"Hagen-wörtlich"-Vortrag über Architekten

Hagen. Vor wenigen Tagen wurde Wk-Chefredakteur Michael Eckhoff neuer Hagener Stadtheimatpfleger. Kaum im (Ehren-)Amt, ist Eckhoff auch schon öffentlich mit einem Vortrag zu hören – über den genialen Architekten J.L.M. Lauweriks. Eckhoff spricht am Dienstag, 17. März 2015, ab 19 Uhr in der Stadtbücherei auf der Springe. Der Eintritt zu dieser „Hagen-wörtlich“-VHS-Veranstaltung kostet vier Euro.

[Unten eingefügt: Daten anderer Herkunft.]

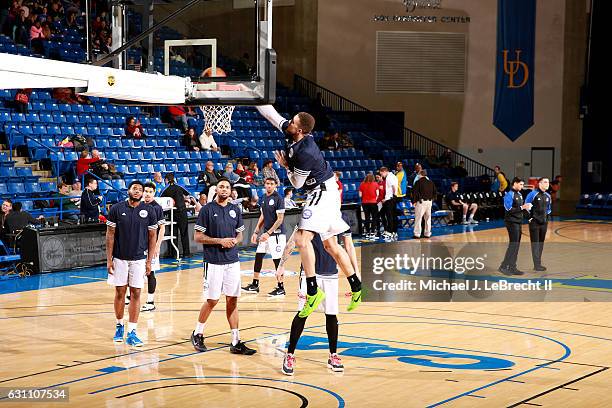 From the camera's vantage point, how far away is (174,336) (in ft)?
40.4

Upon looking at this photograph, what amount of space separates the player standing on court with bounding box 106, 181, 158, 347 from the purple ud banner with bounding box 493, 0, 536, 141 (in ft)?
86.9

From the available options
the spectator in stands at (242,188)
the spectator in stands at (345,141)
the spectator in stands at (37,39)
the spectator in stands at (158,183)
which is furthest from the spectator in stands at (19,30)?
the spectator in stands at (345,141)

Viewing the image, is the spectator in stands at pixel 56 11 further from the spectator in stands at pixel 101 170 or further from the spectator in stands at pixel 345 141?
the spectator in stands at pixel 345 141

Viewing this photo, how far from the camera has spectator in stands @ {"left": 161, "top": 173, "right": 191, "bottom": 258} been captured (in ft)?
63.1

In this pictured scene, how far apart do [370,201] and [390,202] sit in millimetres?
545

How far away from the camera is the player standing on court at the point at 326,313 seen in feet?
33.3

Im vergangenen August hätte Lauweriks seinen 150. Geburtstag feiern können. In der Volmestadt ist dieses Jubiläum nahezu unbeachtet geblieben. Dabei ist er der Architekt des Hagener Impulses.

Ein großer Lehrmeister

Geboren wurde Johannes L.M. Lauweriks in der unweit von Aachen gelegenen niederländischen Stadt Roermond. Sein Vater arbeitete dort als Leiter einer Bildhauer-Werkstatt. Doch nur wenige Monate nach der Geburt zog die Familie um – nach Amsterdam. Hier starb der Vater wenig später, und der kleine Johannes wuchs im Hause des Architekten P.J.H de Cuypers auf. Dieser Baumeister wurde entscheidend für den weiteren Lebensweg Lauweriks’. Cuypers ist nicht „irgendein“ Architekt, sondern einer der bedeutendsten holländischen Baumeister der 19. Jahrhunderts.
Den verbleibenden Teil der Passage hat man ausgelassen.